This morning, you have to search halfway down the Times’s online home page to even find a link to the story. There is no photograph, even though the video of Israeli police clubbing pallbearers was so compelling that even President Biden had to react. Today’s Times print edition does run the story on the front page, but editors did slyly slip in a caption right under the photo: “The Israeli police said they had intervened because the mourners went against an arrangement.” Using the word “intervened” to describe dozens of Israeli riot police clubbing Palestinians is hardly accurate, and the existence of this “arrangement” is disputed. 

The beginning of the article itself was a modest improvement over the paper’s earlier reports, probably because the biased U.S. media coverage so far has provoked a firestorm of criticism, which in today’s online world can’t be ignored. The paper did finally report that “Palestinian witnesses” said Abu Akleh “was shot by Israeli soldiers,” after several days of leaving that significant detail out.

The Washington Post did much better. Its home page today includes a stunning video/photo montage, which shows the sickening Israeli police assault in painful detail. The New York Times also runs videos regularly on its site, but apparently not this time. The Post’s actual news article was also less biased. It briefly included the official Israeli excuse for Abu Akleh’s killing in the third paragraph — “Israel has said she was caught in crossfire” — but put further Israeli efforts to confuse the story toward the end of the article, where they belong.

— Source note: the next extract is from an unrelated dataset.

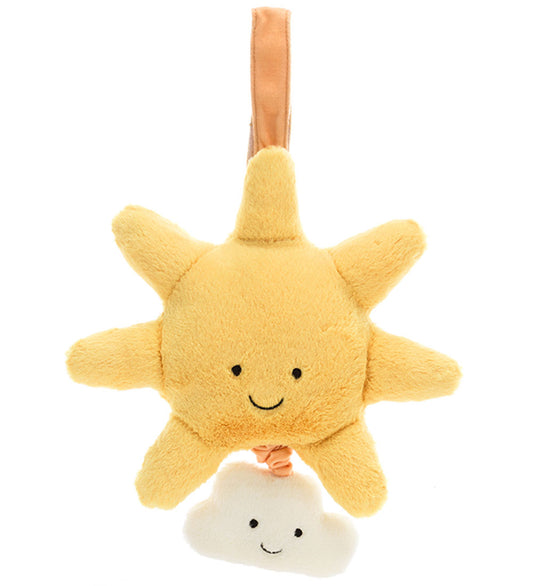 Jellycat Muziekmobiel m. Sky - Amuseables zo - Jellycat - OneSize - Muziekmobielen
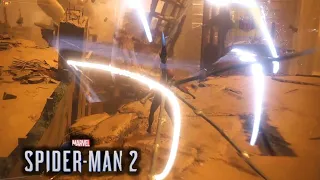 Marvel Spider-Man 2 |The Mechanical Iron Arms And Dual Combat Finisher Is Wild !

The Post, to its great credit, had already run a valuable report explaining out that Shireen Abu Akleh is not the only journalist who Israel has killed while reporting. (This site’s on-the-spot reporter, Yumna Patel, had already made this point in a compelling interview right after the killing.) 

Meanwhile, the National Public Radio on air report yesterday was biased and pathetic. Daniel Estrin who is in Jerusalem, devoted a full minute of his 3:43 segment to advancing the Israeli government’s shifting effort to exonerate its army for the killing. He made no mention at all of the two witnesses who were alongside Abu Akleh when she was shot, even though they are fellow journalists and presumably his colleagues. 

By contrast, a CNN on air report didn’t fall into the trap of dwelling on the Israeli government talking points. Its reporter, Atika Shubert, did point out that Israeli authorities had told the Abu Akleh family that they could not display the Palestinian flag. In the only useful part of Estrin’s report, he also revealed that Israeli police at the funeral march had ordered people to “stop chanting nationalist songs.”

This detail was missing in the U.S. mainstream reports. Americans (and others) might be interested to learn that Israel’s occupation of Palestine also includes telling a grieving family, and a grieving people, how they should mourn.